**Data to use**:
○ ○ ○ ○ ○
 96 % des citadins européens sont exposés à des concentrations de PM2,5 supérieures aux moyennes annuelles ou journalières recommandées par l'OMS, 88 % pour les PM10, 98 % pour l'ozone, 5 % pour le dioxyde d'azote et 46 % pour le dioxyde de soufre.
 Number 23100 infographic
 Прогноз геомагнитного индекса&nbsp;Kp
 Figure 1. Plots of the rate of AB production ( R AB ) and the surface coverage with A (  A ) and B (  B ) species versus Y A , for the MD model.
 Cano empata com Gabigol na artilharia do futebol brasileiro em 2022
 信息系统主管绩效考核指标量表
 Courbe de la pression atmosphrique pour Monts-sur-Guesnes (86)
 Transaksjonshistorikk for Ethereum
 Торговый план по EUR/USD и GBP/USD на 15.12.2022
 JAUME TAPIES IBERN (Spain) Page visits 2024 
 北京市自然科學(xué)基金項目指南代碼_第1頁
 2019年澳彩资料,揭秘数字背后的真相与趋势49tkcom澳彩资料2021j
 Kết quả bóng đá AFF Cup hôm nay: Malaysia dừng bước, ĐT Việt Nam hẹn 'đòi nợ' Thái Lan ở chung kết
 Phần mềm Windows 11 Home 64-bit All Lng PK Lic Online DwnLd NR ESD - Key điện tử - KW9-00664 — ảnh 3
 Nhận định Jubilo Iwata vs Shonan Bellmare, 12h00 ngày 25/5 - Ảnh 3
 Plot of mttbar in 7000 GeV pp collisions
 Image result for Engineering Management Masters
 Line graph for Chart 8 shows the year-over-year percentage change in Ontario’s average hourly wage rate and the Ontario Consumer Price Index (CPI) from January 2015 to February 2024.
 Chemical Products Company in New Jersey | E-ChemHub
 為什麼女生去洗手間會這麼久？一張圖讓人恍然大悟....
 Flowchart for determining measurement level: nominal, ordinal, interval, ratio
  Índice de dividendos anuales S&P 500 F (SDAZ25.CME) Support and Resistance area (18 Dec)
○ ○ ○ ○ ○
Return exactly the lines from the beginning of the data above through the one containing "Nhận định Jubilo", please. Include both end lines and add nothing else.

 96 % des citadins européens sont exposés à des concentrations de PM2,5 supérieures aux moyennes annuelles ou journalières recommandées par l'OMS, 88 % pour les PM10, 98 % pour l'ozone, 5 % pour le dioxyde d'azote et 46 % pour le dioxyde de soufre.
 Number 23100 infographic
 Прогноз геомагнитного индекса&nbsp;Kp
 Figure 1. Plots of the rate of AB production ( R AB ) and the surface coverage with A (  A ) and B (  B ) species versus Y A , for the MD model.
 Cano empata com Gabigol na artilharia do futebol brasileiro em 2022
 信息系统主管绩效考核指标量表
 Courbe de la pression atmosphrique pour Monts-sur-Guesnes (86)
 Transaksjonshistorikk for Ethereum
 Торговый план по EUR/USD и GBP/USD на 15.12.2022
 JAUME TAPIES IBERN (Spain) Page visits 2024 
 北京市自然科學(xué)基金項目指南代碼_第1頁
 2019年澳彩资料,揭秘数字背后的真相与趋势49tkcom澳彩资料2021j
 Kết quả bóng đá AFF Cup hôm nay: Malaysia dừng bước, ĐT Việt Nam hẹn 'đòi nợ' Thái Lan ở chung kết
 Phần mềm Windows 11 Home 64-bit All Lng PK Lic Online DwnLd NR ESD - Key điện tử - KW9-00664 — ảnh 3
 Nhận định Jubilo Iwata vs Shonan Bellmare, 12h00 ngày 25/5 - Ảnh 3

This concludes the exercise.